**TO DO**
Only the lines from the one containing "El presidente de" through the last line of the entries are wanted. Transcribe them exactly.

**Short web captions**

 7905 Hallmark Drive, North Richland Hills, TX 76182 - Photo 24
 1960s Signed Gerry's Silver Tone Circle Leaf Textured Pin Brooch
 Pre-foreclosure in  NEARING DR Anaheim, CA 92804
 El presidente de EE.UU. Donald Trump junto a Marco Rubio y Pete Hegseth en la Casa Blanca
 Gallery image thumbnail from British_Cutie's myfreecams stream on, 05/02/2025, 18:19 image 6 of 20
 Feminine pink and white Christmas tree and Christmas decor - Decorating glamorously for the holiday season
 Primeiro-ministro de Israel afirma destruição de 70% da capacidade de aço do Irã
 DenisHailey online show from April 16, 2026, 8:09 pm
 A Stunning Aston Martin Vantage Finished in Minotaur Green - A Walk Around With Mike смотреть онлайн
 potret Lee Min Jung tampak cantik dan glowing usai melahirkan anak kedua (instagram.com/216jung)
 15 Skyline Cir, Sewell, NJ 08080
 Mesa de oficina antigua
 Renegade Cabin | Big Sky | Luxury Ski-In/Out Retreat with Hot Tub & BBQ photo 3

**ANSWER TO THIS EXERCISE**
 El presidente de EE.UU. Donald Trump junto a Marco Rubio y Pete Hegseth en la Casa Blanca
 Gallery image thumbnail from British_Cutie's myfreecams stream on, 05/02/2025, 18:19 image 6 of 20
 Feminine pink and white Christmas tree and Christmas decor - Decorating glamorously for the holiday season
 Primeiro-ministro de Israel afirma destruição de 70% da capacidade de aço do Irã
 DenisHailey online show from April 16, 2026, 8:09 pm
 A Stunning Aston Martin Vantage Finished in Minotaur Green - A Walk Around With Mike смотреть онлайн
 potret Lee Min Jung tampak cantik dan glowing usai melahirkan anak kedua (instagram.com/216jung)
 15 Skyline Cir, Sewell, NJ 08080
 Mesa de oficina antigua
 Renegade Cabin | Big Sky | Luxury Ski-In/Out Retreat with Hot Tub & BBQ photo 3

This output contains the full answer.